What did you replace the forehatch with?? 42/003, January 1981


----------



## Finnmark (Oct 28, 2012)

I retained the original cambered plexi and had an aluminum frame and hinges made and had it anodized. The original deck flange is used and the flat rubber gasket is glued to the plexi. Opens forward and is a very good scoop for the breeze. Very watertight.


----------



## jamesjle (Sep 1, 2011)

Am currently trying to source the 15mm acrylic in Australia to rebuild the fore and companionway hatches, not much around in Australia these days. Clear is easy but tint is difficult.


----------



## Finnmark (Oct 28, 2012)

My panel may need to be replaced soon as it's original. As I usually have a tender on deck during passages, and a sun cover the rest of the time, having this panel be an acrylic isn't that worthwhile in the Caribbean. May replace with aluminum or composite. Would also be stronger then too. My fo'c'sle is sail & gear storage with a work bench, not a cabin.


----------



## jamesjle (Sep 1, 2011)

Would it be woth considering an informal register of Holland deigned Swans? RH was an inspired designer at an interesting moment in Yacht design. If the S&S owners can do it why not others.


----------



## Finnmark (Oct 28, 2012)

Would anyone be able to forward the dimensions of the top opening of the companionway hatch on a pre 1985 Swan 42? Thanks.
Finnmark


----------



## jamesjle (Sep 1, 2011)

If you are interested in the sliding acrylic version on a 1981 42, Yes. Which
particular dimensions?


----------



## Finnmark (Oct 28, 2012)

Fore & aft from the fwd vertical teak face to the back side of the ss plate that keeps the washboard, and athwart; from inside both vertical teak faces (1 measurement) and also between the 2 vertical GRP surfaces outboard of the track that the acrylic hatch slides on (2nd measurement). This 2nd measurement would be slightly more then the width of the acrylic hatch glass. Many thanks for this!!


----------



## jamesjle (Sep 1, 2011)

Sorry for the delay on this I have been away from the boat. Its not quite clear to me, do you want the size of the actual hatch, IE acrylic sheet plus add ons
or do you want the internal size of the companionway hatch opening plus slide
dimensions.


----------



## Finnmark (Oct 28, 2012)

Thanks for the reply. Hope you had a nice Holiday! What I need are he dimensions of the opening: fore&aft from inside the teak (fwd) and to the inside of the stainless parts that hold the washboard. Athwart: inside the teak verticle trim (that the acrylic slides on). Thanks!


----------



## jamesjle (Sep 1, 2011)

Bon, demain.


----------



## jamesjle (Sep 1, 2011)

Hatch dimensions as follows;

Internal teak opening. 

Length to inner side of S/S washboard retainer, 692mm, 27.24"
Across 590mm, 23.22"

External fiberglass slot, Wide, 700mm, 27.55"
Long 700mm, 27.55"

Outer edge tufnel slide, wide 670mm, 26.37"

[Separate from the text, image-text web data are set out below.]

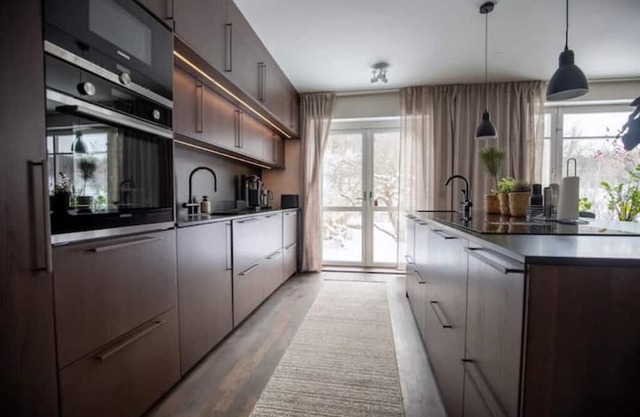 Charming, spacious townhouse 10-15 mins from city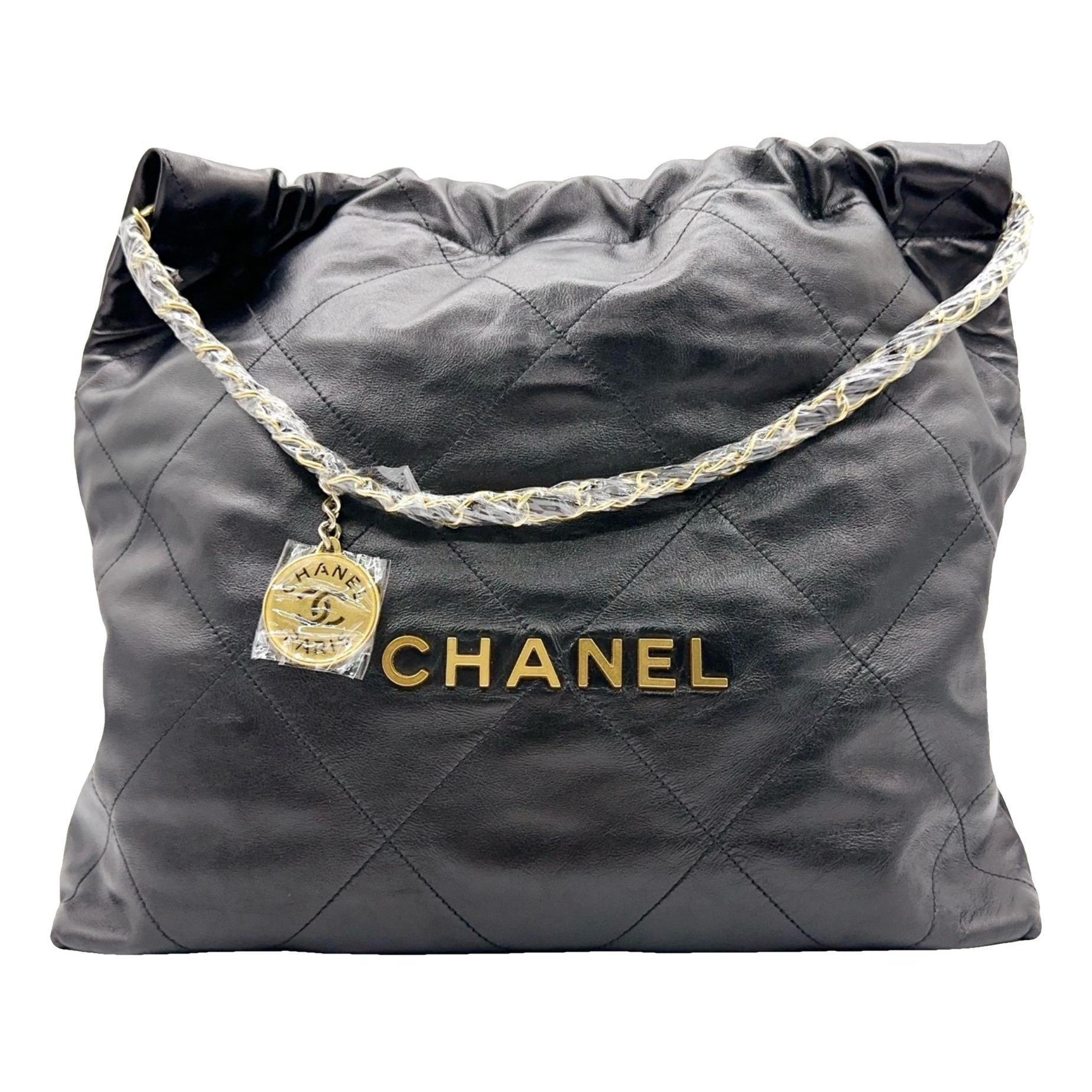 Chanel 22 leather handbag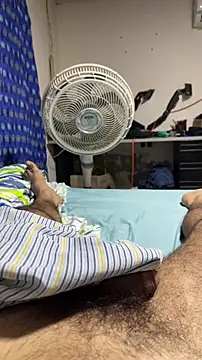 Snapshot of BEN_BLAZE chatting on 11-18-25, 08:57 BEN BLAZE online show from 11-18-25, 08:57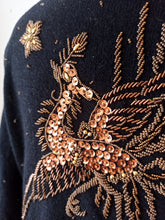 Cargar imagen en el visor de la galería, 1950s 1960s - Stunning Firebirds Beaded Wool Cardigan - Sz M/L
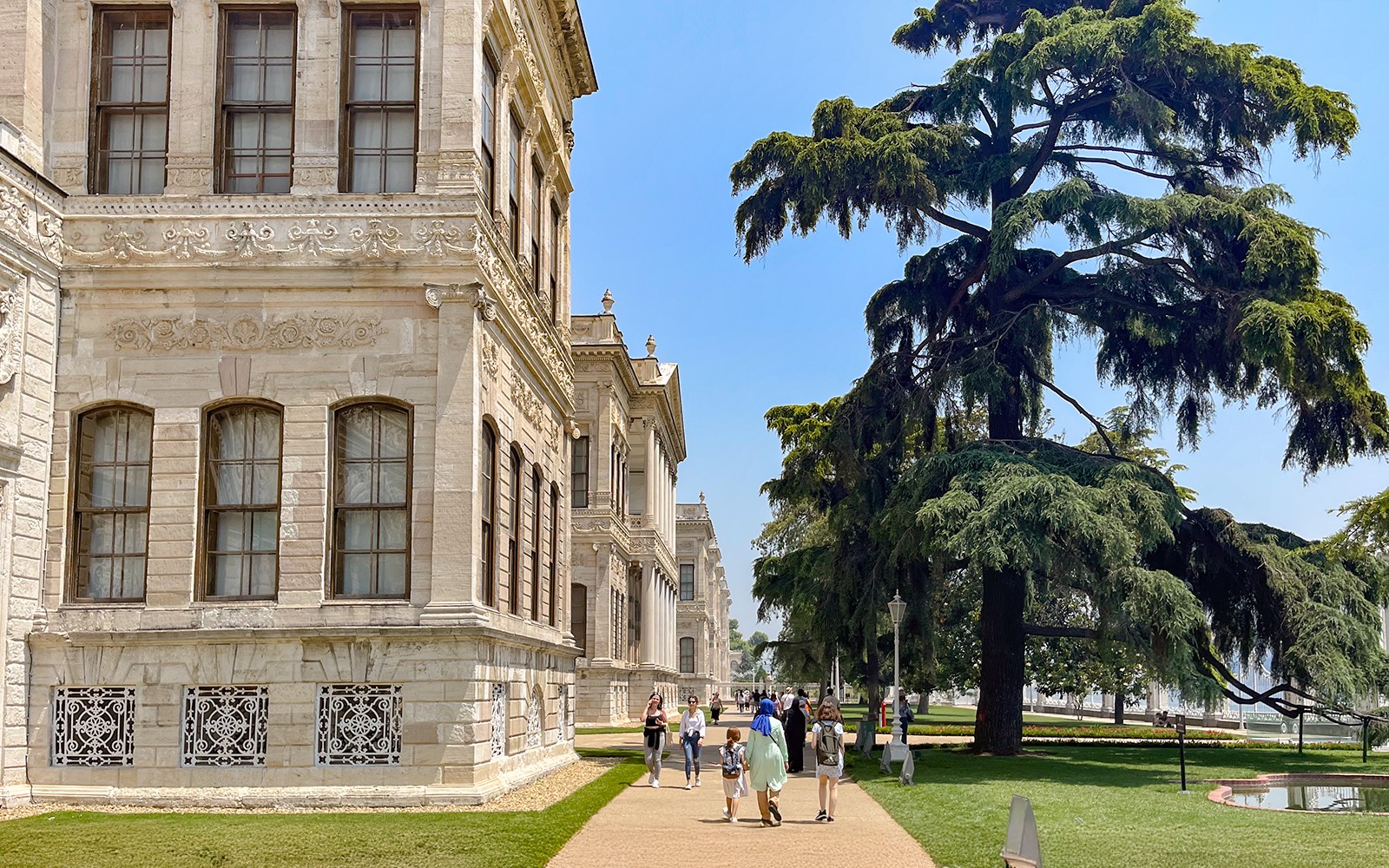 Dolmabahçe Palace & Harem Skip-the-Line Tickets with Audio Guide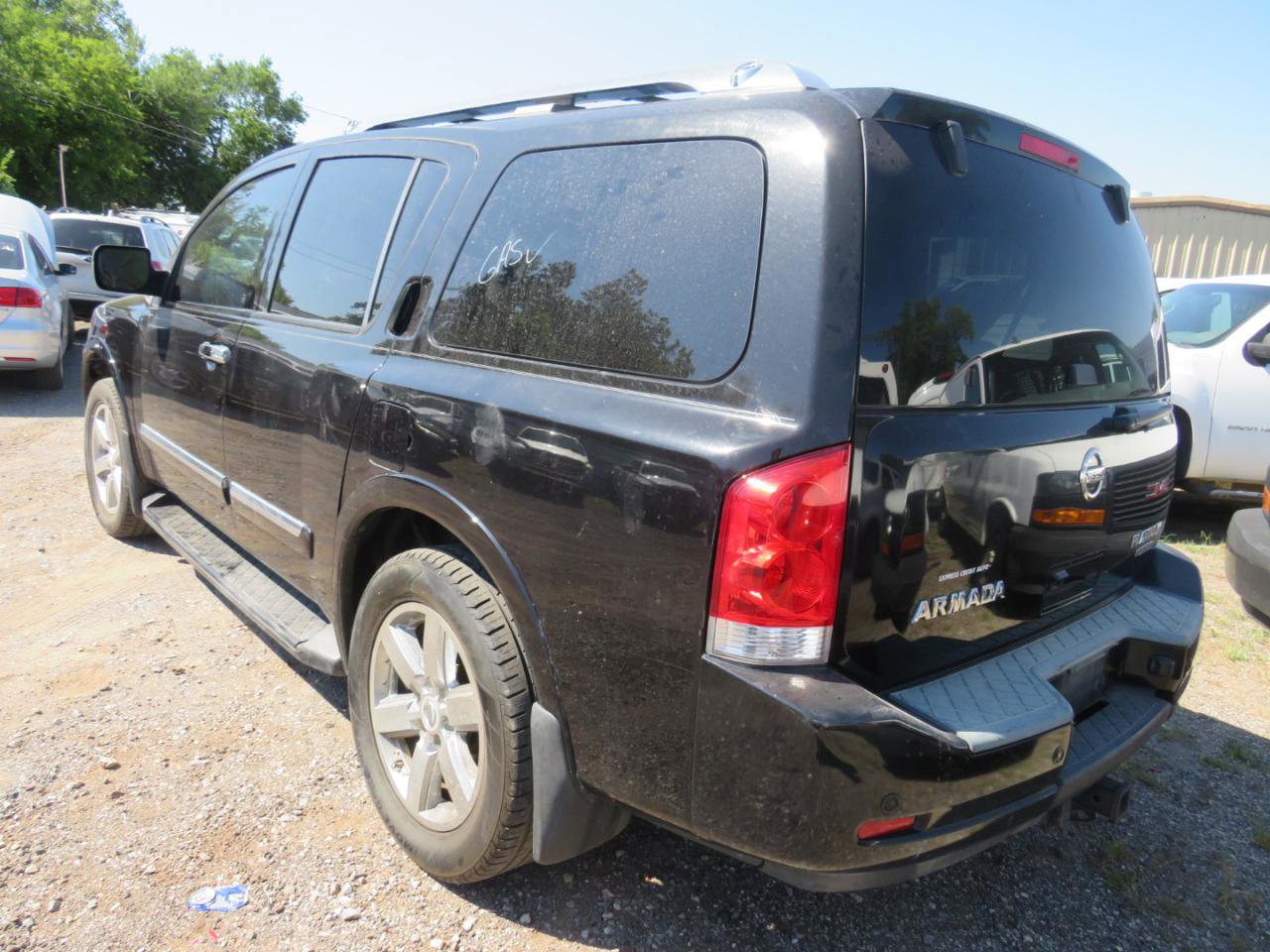 Used 2011 Nissan Armada Platinum RWD image 6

Acrylic hatch Long 760mm, 29.92"
Wide 720mm, 28.34"
Thick 15mm, .59"


----------



## Finnmark (Oct 28, 2012)

Thank you James! Very helpful. Can't remember if I mentioned it, but as I sail offshore often with this boat, and it does extremely well in the big stuff, the leaky companionway is it's Achilles heel (now that I've ditched the wood sliding hatch on the fore deck and cured the babystay leak issue). Not even worth attempting to restore the interior varnish work around the area until it's resolved.
I am ordering an aluminum sliding hatch that seals when closed to fit.


----------